On I-Day eve, apex court gives welcome ‘lesson’ on liberty

Supreme court’s decision to dismiss petition against Aamir Khan’s ‘PK’ is significant, especially in these ‘ban ’em all’ frenzied times

shantanu

Shantanu Datta | August 14, 2014 | New Delhi


Independence Day is meant not to flex muscles but to celebrate our freedom, and liberty.
Independence Day is meant not to flex muscles but to celebrate our freedom, and liberty.

In an age when books, or other works of art, are banned/pulped/not published for fear of either a social castigation or fatwa or violence or some or the other form of jihad and/or either or all, it takes the judiciary, despite all its flaws, to restore some sanity in our society. To let us know that all is not lost in the din of an age when school students are taught that in Mahabharat, “Sanjaya sitting inside a palace in Hastinapur and using his divya shakti” to “give live telecast of the battle of Mahabharata… to the blind Dhritarashtra” was the first television anchor of human history, all is not lost.

Today’s supreme court judgment takes more significance coming, as it does, a day before Independence Day, which is meant not to flex muscles – as BJP’s Gorakhpur MP Swami Adityanath did in parliament at around the same time as the apex court bench was reading out its judgment – but to celebrate our freedom. The freedom to speak, speak out, draw, sketch, write, criticise, lampoon, ridicule and even  get enraged at all this – all, of course, within the limits of the other person’s level of tolerance and constitutional limits.

Dismissing a public interest litigation seeking ban on the release of Aamir Khan-starrer PK for allegedly promoting nudity and vulgarity, the apex court on Thursday (August 14) told the petitioner, "If you don't like then don't watch the film. But don't bring religious facets in it.” These, the bench said, are “matters of art and entertainment, and let them remain so".

Alleging that the film, directed by Rajkumar Hirani (of the Munnabhai series fame) and starring Aamir Khan as the lead protagonist, promotes nudity, the petition filed by an organisation called ‘All India Human Rights and Social Justice Front’ had on Wednesday sought the apex court’s immediate intervention to ensure the film is not released. In reply, the court said, “Any restrictions on release of (the) film would affect constitutional right of the filmmakers.”

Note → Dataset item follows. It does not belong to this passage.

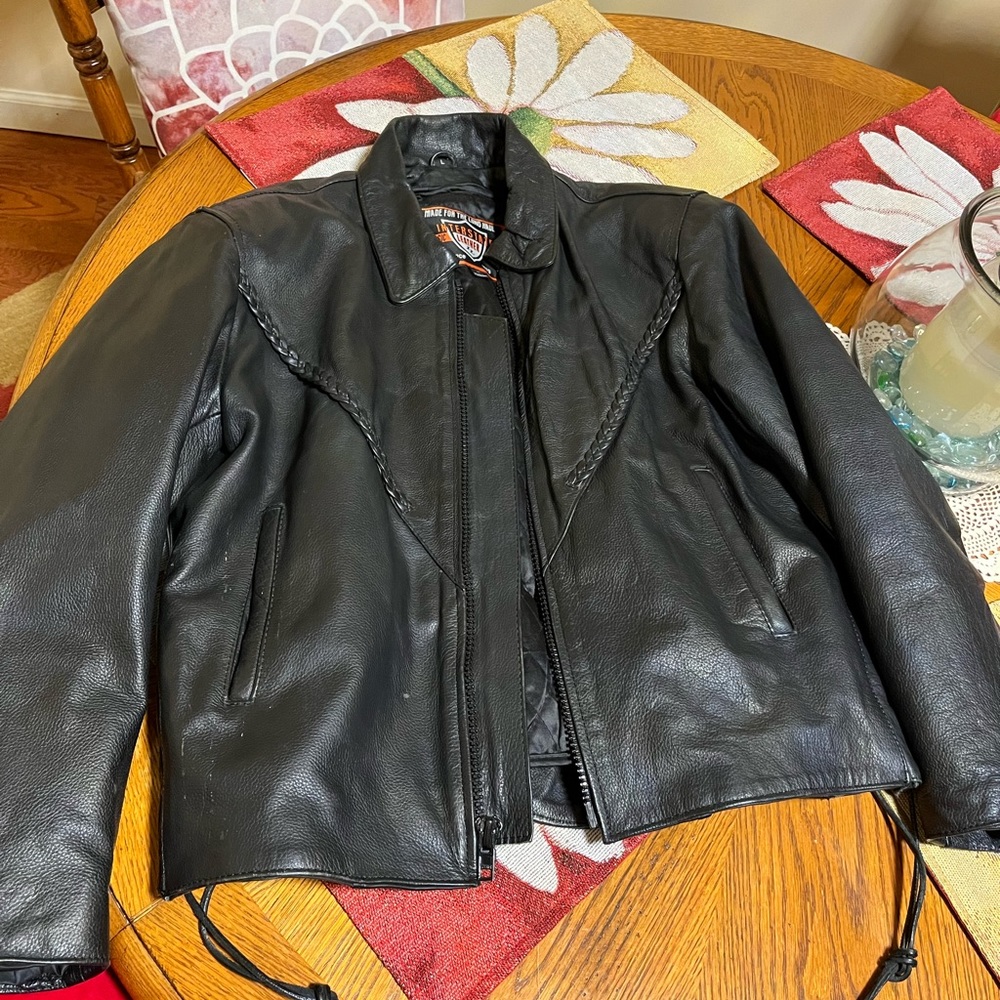 Two leather jackets and a pair of jeans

In an observation that holds true in all times, but especially so in this day and age of limited tolerance, the supreme court bench also told the petitioner: "Don't be sensitive to such things. What will you hide in the age of Internet? Today's youth is very smart."

Or, are they? Especially when they are prescribed books by the likes of Dinanath Batra in school curriculum, which say if you are drawing a map of India make sure to include Pakistan, Afghanistan, Nepal, Bhutan, Tibet, Bangladesh, Sri Lanka and Myanmar. Why? Because these are part of undivided India, or “Akhand Bharat” (we had raised our eyebrows to it earlier; read here).

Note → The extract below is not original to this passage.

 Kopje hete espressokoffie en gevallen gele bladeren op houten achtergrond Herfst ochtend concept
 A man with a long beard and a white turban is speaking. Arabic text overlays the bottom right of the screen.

And when students’ organisations – Akhil Bharatiya Vidyarthi Parishad (ABVP), in this case – force a college – St Xavier’s, Mumbai, in this case – to withdraw invitation to Dalit activist and singer Sheetal Sathe to participate in a panel discussion at its annual festival, Malhar, for allegedly being “anti-national” (read here). These are but only two recent instances.

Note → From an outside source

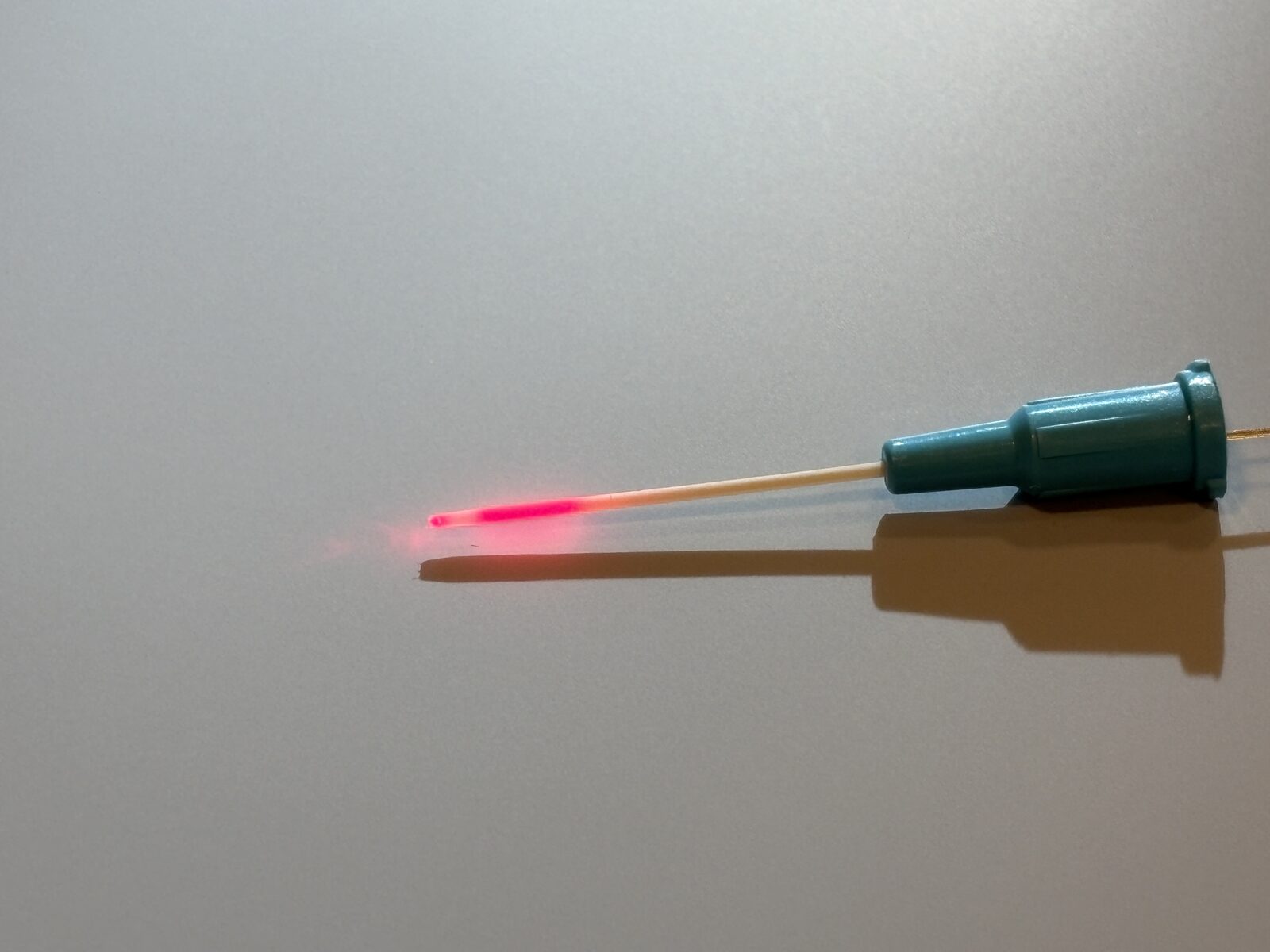 CD-2XS2 ultra-thin cylindrical diffuser emitting red light, emerging from a 22G cannula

Amid all, however, hope remains just as steadfast as the Tricolour, no doubt. The supreme court’s dismissal of the petition against PK comes a day after the Madras high court had dismissed another petition, which sought curbs on ‘Velaiyilla Pattathari’, a Tamil film starring Dhanush (of the Kolaveri song fame) for allegedly promoting smoking. Emphasising that it was not inclined to entertain the petition, the HC bench said everyone cannot become a “super censor board” by taking the public interest litigation route.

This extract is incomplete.